The provincial department has yet to respond to requests for comment on the saga, but has promised to issue a statement “shortly”. Last week, the department’s lawyers conceded in the North Gauteng High Court in Johannesburg that all protocols and regulations were flouted during the transaction.

Lawyer Dawie Joubert said the officials needed to be disciplined by the department, which should be followed by suspensions. In early December last year, Gauteng Premier David Makhura filed an affidavit in an application to freeze the accounts of A Re Ageng following allegations that their accounts were untrustworthy.

READ MORE: Makhura denies involvement in dodgy R10m payment

This was after a dispute between the department and A Re Ageng in which the department tried to send money to Life Esidimeni’s non-profit organisation, Life Recovery Centre, using A Re Ageng’s bank account as a conduit in October last year.

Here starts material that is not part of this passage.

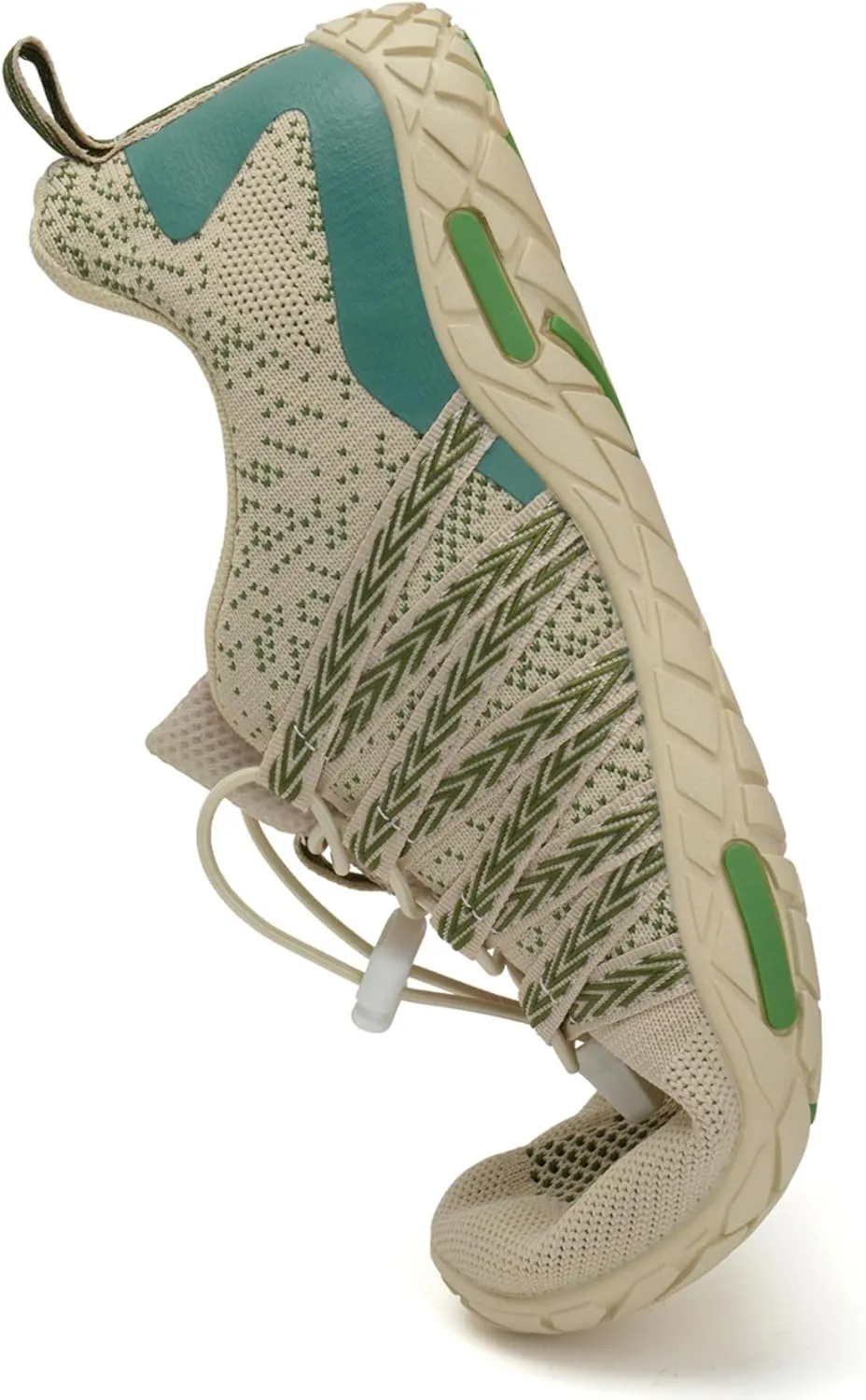 WateLves Barefoot Water Shoes Women Men Beach Swim Shoes Athletic Quick-Dry Aqua Socks Breathable Mesh Sneakers Walking Shoes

A Re Ageng director Mpuleng Lenyehelo smelled a rat when an amount of over R10 million was transferred into the NGO’s Absa Bank account with an untraceable account and reference number.

A similar transaction had taken place successfully to the same account in June last year, in which an amount of R13 million was sent to A Re Ageng with instructions to send the money to the Life Recovery Centre “as a matter of urgency”.

But this time, Lenyehelo only received a call two weeks later notifying her that the money was from the department. In her answering affidavit, Lenyehelo noted that while the department claimed that this transfer was a matter of urgency, no urgent application was brought before court in this regard.

When the second amount (R10 million) was sent in October, Lenyahelo said that things took a turn for the worse after she started asking questions.

Several incidences of suspected account hacking occurred before R5 million “disappeared” from the account and was paid to a fuel company.

The NGO claims it was not involved in the payment and that their account was hacked. The matter continues in court on Friday.